Alumna Raegan Morris giving a speech

Cultivating honest conversations in the workplace

September 13, 2021
Capital One VP promotes a healthy company culture and leadership development through dialogue

Open, honest conversations are key to developing a healthy company culture and good leadership. This according to Raegan Williams Morris, ’99, vice president of Card Channels at Capital One Financial Group, a Fortune 500 company in Richmond, Va. Never have authentic conversations been more important to her company’s success, she said, than during the past two years, when employees and customers alike have grappled with a global pandemic and heightened racial tensions.

“What it feels like to work at Capital One is what it feels like to be a customer at Capital One,” said Morris, who leads a diverse, global team of more than 5,000 customer service associates in the company’s credit card division. “By improving our employees’ experience, we improve our customers’ experience.
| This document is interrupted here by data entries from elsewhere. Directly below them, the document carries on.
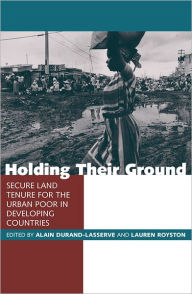 Title: Holding Their Ground: Secure Land Tenure for the Urban Poor in Developing Countries, Author: Alain Durand-Lasserve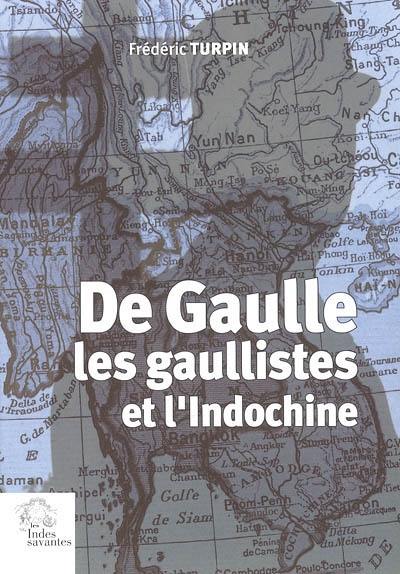 De Gaulle, les gaullistes et l'Indochine : 1940-1956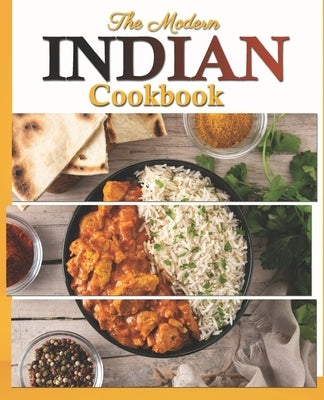 The Modern Indian Cookbook: The Essential Easy Indian Food Cookbook by Hutson, Carla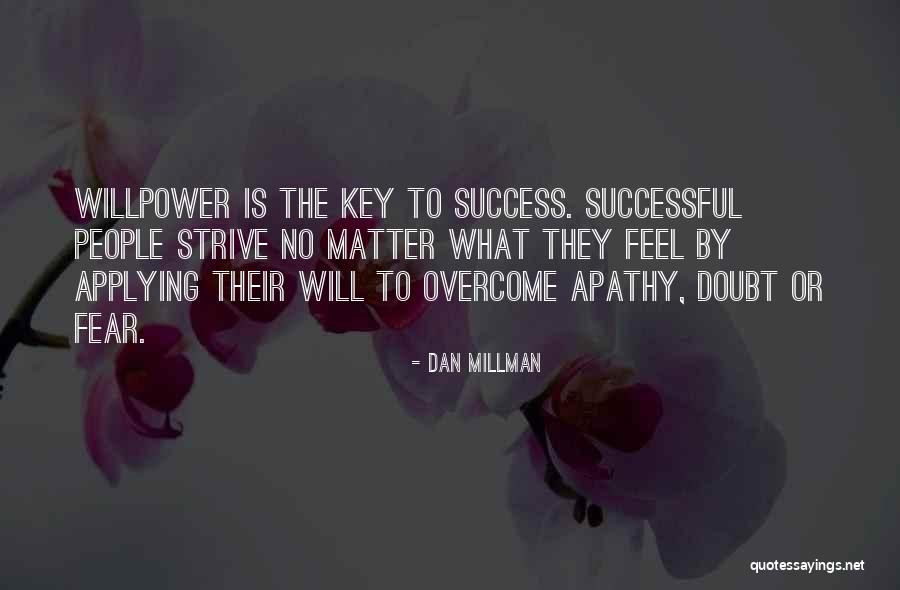 Overcome Doubt Quotes By Dan Millman Overcome Doubt Quotes By Dan Millman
Our customers are having tough conversations about politics, the pandemic, and racial equity with our associates every day.”

The 1999 graduate of the Jepson School of Leadership Studies said she realized she had an opportunity to equip company leaders with the tools to engage in conversations with employees about these topics—topics previously taboo in the workplace.

“To encourage employees to bring their full selves and opinions to work, I launched an initiative on authentic conversations,” Morris said. “The goal is to teach our leaders how to have complex, thoughtful dialogues with employees on difficult issues like race and gender equity. It’s about how you unlock the goodness that comes out of these tense conversations so employees feel seen, heard, and valued.”

In spring 2020, she helped oversee moving thousands of Capital One customer service associates from physical call centers to remote work as the pandemic intensified. The move brought work-life balance to the fore as never before. She responded by creating “The Struggle with the Juggle.” The initiative promotes genuine conversations to support parents working from home while navigating their children’s schooling and child care needs.

“I shared a story of my son asking me to make toast while I was on a call talking to thousands of people,” Morris said. “The dog barks, the doorbell rings. It’s okay. Just turn your computer camera off. We have to normalize our reality.”

She also started compassion-fatigue training to support associates who struggle with the loss and trauma they and their customers have experienced during the pandemic. All these conversations and trainings uphold her commitment to a healthy company culture, she said.

Similarly, Morris is committed to cultivating future company leaders.

“I hire leaders who are good at the things I am not, who are better, smarter, more experienced than I am,” the vice president said. “I encourage my team leaders to challenge me through meaningful, authentic conversations. I develop them to be leaders I’d like to work for.”

Even with more than 20 years of corporate leadership experience, she said she still regularly references the well-worn pages of the textbook she used in her undergraduate class History and Theories of Leadership taught by Dr. Thomas Wren.

“I’m so grateful to the Jepson School for providing me with the best possible education for a happy career and a lifetime of leadership,” said Morris, who serves on the School’s Executive Board of Advisors.

“Capital One creates inclusive banking systems that support socio-economic mobility and community thriving. I get to talk about this every day and inspire our associates to use our mission to change people’s lives.”